GLS22 Special Edition Notes—The Power of Regret

Published February 24, 2022

You might be surprised to learn that regret can sharpen leaders’ decisions, speed learning and development, and boost individual and team performance. In his talk at The Global Leadership Summit: Special Edition on February 24, 2022, Daniel Pink drew on an unprecedented two-year study of regret—one of the most misunderstood emotions. In this talk, he explored the four core regrets that people around the world share—and how addressing them can form the cornerstone of a vibrant organizational culture.

Enjoy these official notes from Daniel Pink’s session on The Power of Regret.

 

Turning the Page

 

    • After the last two years, we are about to reboot.
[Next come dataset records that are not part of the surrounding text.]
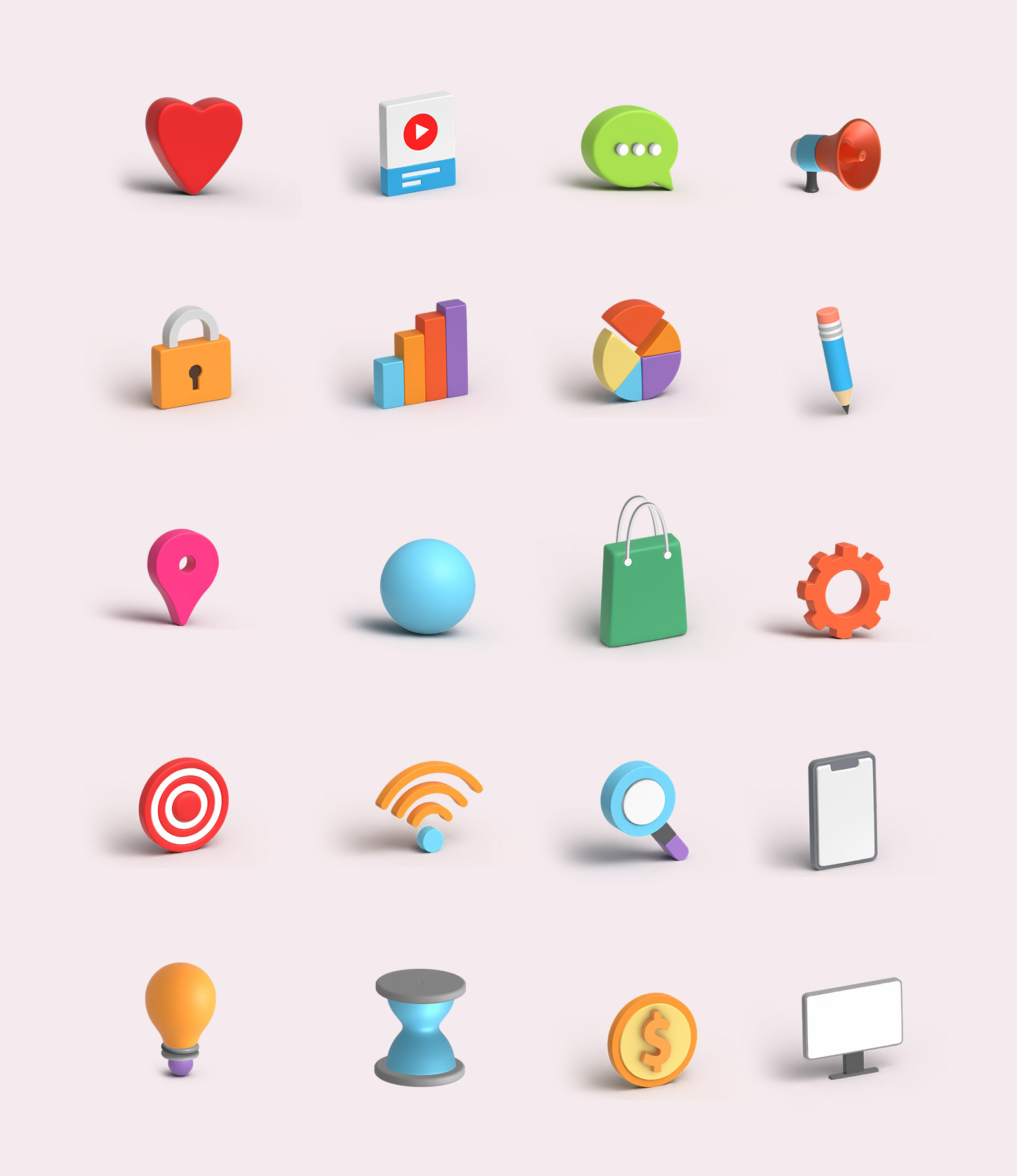 3D Icons Pack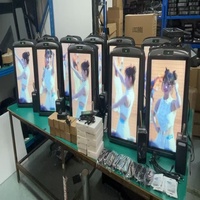 (Vente Flash) Nouvelle Machine Publicitaire d'Extérieur à Écran LCD pour Sac à Dos, Affichage de Vidéos, Diverses Tailles, Conforme RoHS, Garantie 90 Jours
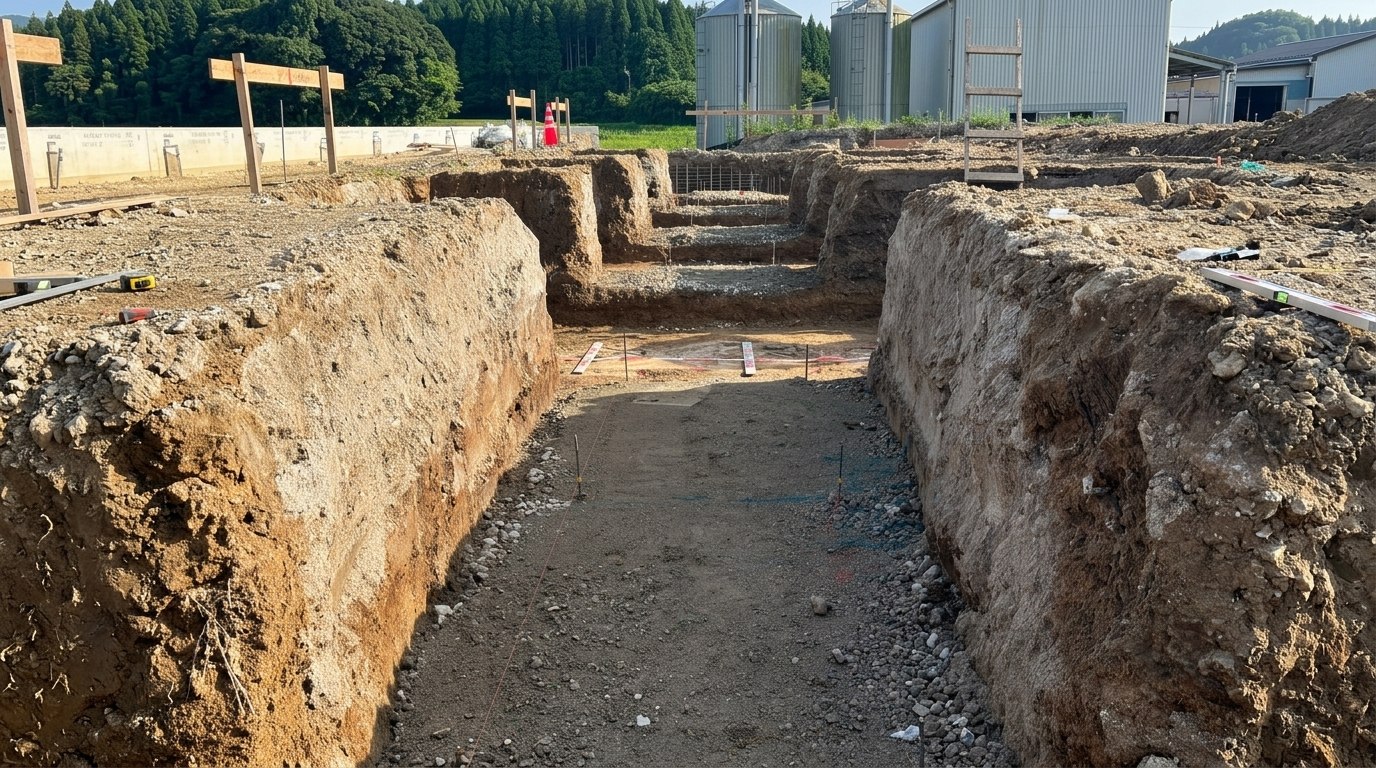 建築基礎の土工事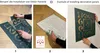 A three-panel image demonstrating the installation of decorative wall panels. Produktbild-Vorschau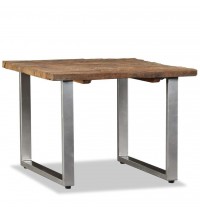 vidaXL Coffee Table Solid Reclaimed Wood 21.7"x21.7"x15.7"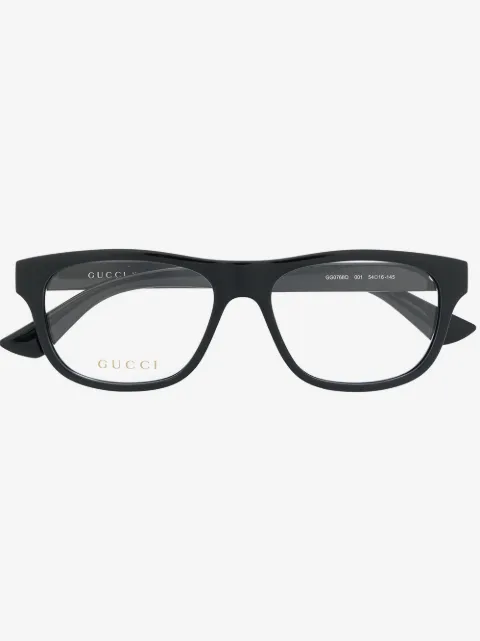 Gucci Eyewear logo plaque rectangular-frame glasses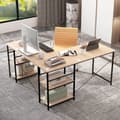 Miniatyrbillede 6 af 8: Computer Desk, 151x151x75 cm, Rustikt Brun/Sort/Grå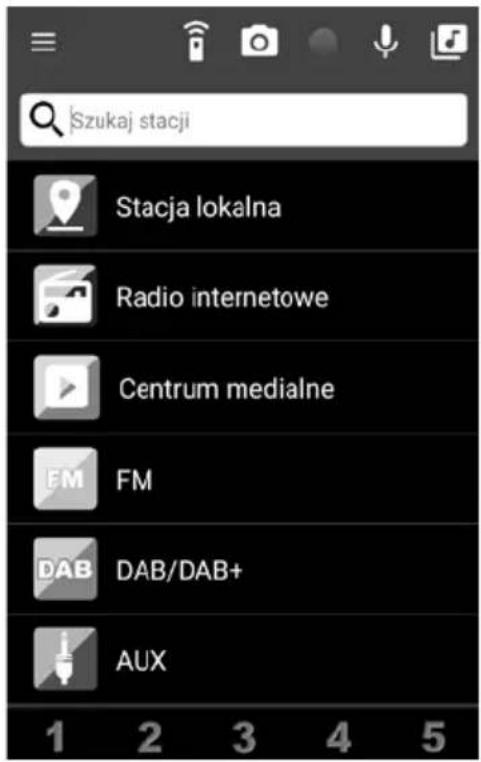 Szukaj stacji Stacja lokalna Radio internetowe Centrum medialne FM FM DAB DAB/DAB+ AUX 1 2 3 4 5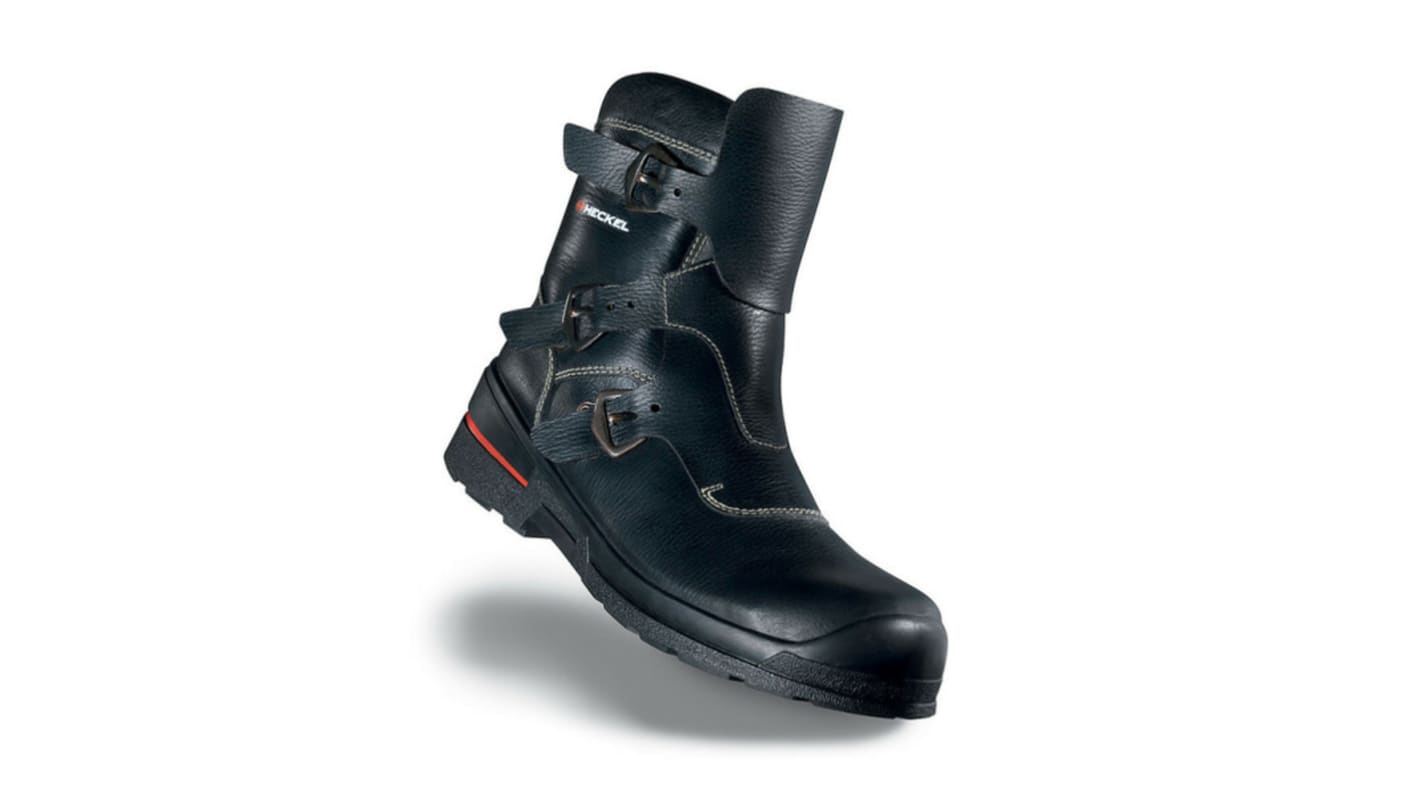 Heckel Macsole 1.0 WLD 3 EN20345 S3, Herren Sicherheitsstiefel Schwarz, mit Zehen-Schutzkappe, Größe 45 / UK 10,5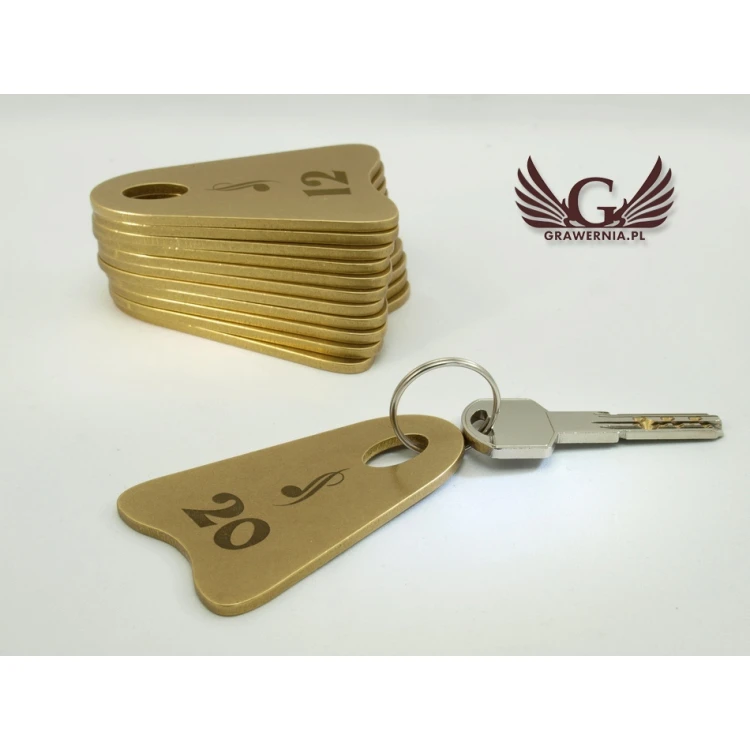 Brelok hotelowy - IKARMET Gold - BMZ001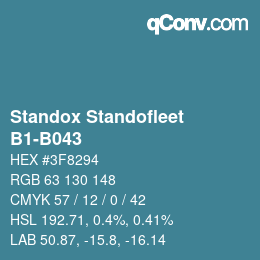 Farbcode: Standox Standofleet - B1-B043 | qconv.com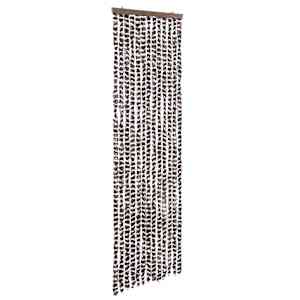 vidaXL putukakardin pruun ja valge, 56 x 185 cm &scaron;enill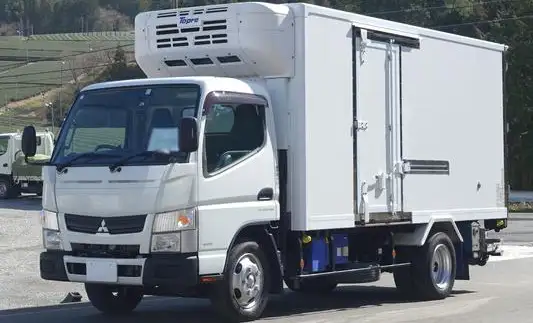 三菱 キャンター 小型 冷凍冷蔵 低温 パワーゲート の中古トラック【車両No.161586】
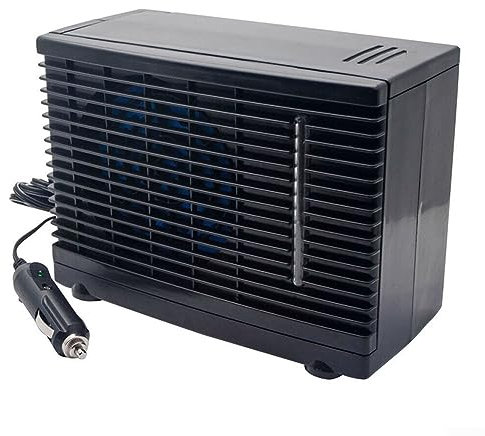 Tragbarer Mini-Klimaanlagen-Kühler für Zuhause und Auto, 12 V, Verdampfer-Wasserkühler, Auto-Lüftungsschlitz, verstellbarer Ventilator, Kühler, für Outdoor, Büro, Zuhause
We are about to get a fresh start.
    • We are all facing a question right now: How can we build cultures in which people can do their best work and be their best selves?
    • It starts with an emotion: regret.

 

What is Regret?

 

    • Regret is the stomach-churning feeling that the present would be better and the future brighter if only you hadn’t chosen so poorly, decided so wrongly, or acted so stupidly in the past.
    • Regret is our most transformative emotion if we deal with it properly.
    • Regret makes us human.
    • Regret is ubiquitous.
    • Regret, done right, makes us better.

 

The World Regret Survey

 

    • Collected 18,000 regrets from people in 109 countries.
    • Around the world, people express the same four regrets over and over again.
    • Beneath the surface, there is a hidden architecture that transcends national boundaries.

 

4 Types of Regrets

 

1. Foundation Regrets

 

    • They are small decisions we make early in our life that compound to make bigger issues later in life. “I regret not saving money earlier in life…”
    • Hemingway character: How did you go bankrupt? Gradually and suddenly.
      “If only I’d done the work.”

 

2. Boldness Regrets

 

    • “If only I’d taken the chance.”
    • This is especially true in the realm of work.

 

3. Moral Regrets

 

    • You’re at a juncture. You can do the right thing or the wrong thing. People do the wrong thing, and almost all of us regret it.
    • There’s lots of regret bullying. “If only I had done the right thing.”

 

4. Connection Regrets

 

    • Connection regrets are about our relationships, not just our romantic relationships, the full suite of relationships we have (family, friends, colleagues).
    • How do they come apart? They drift apart. “If only I had reached out.”

 

A Photographic Negative of the Good Life

 

    • Those 18,000 people were operating as a photographic negative of the good life.
    • If they tell you what they regret the most, they tell you what they value the most.
    • Humans need stability, growth, goodness, and love.

 

4 Core Regrets—What they sound like, and what the human need reveals.

 

    • Foundation: If only I’d done the work. Stability.
    • Boldness: If only I’d taken the chance. Growth.
    • Moral: If only I’d done the right thing. Goodness.
    • Connection: If only I’d reached out. Love.

 

Lessons For Leaders

 

    • Foundation: Fair pay, predictability.
    • Boldness: The psychological safety to learn, grow, explore, and speak up.
    • Moral: Honesty, transparency, and purpose.
    • Connection: Belonging, and genuine friendship.

 

People want to work for places that are good—places that are good are going to win the war for talent.

 

Simple Practices to Enlist Regret as a Tool to Get Better

 

Write a failure resume for yourself.

 

    • Write your failures in one column.
    • Write the lesson you learned in the second column.
    • Write what you’re going to do about it in the third column.

 

Form a regret circle with your team.

 

    • Person one shares their regret and the lesson they learned.
    • The others share advice on how to deal with it.

 

Conduct a regret pre-mortem on your next big project.

 

    • Envision that the project fails. What did we do wrong?
    • Go back to the present and do not do those things.

 

Create an island for boldness.

 

    • Carve out time and space for people to be utterly, unequivocally bold.

 

Place a phone call to yourself in 2032.

 

    • Call your future you. The you of 10 years from now is not going to care about a blue car, gray car, or what you’re having for dinner. They will care whether you built a stable foundation for family.
    • What would you tell your best friend to do?
    • Ask yourself, did I risk or act boldly? Did I act in love?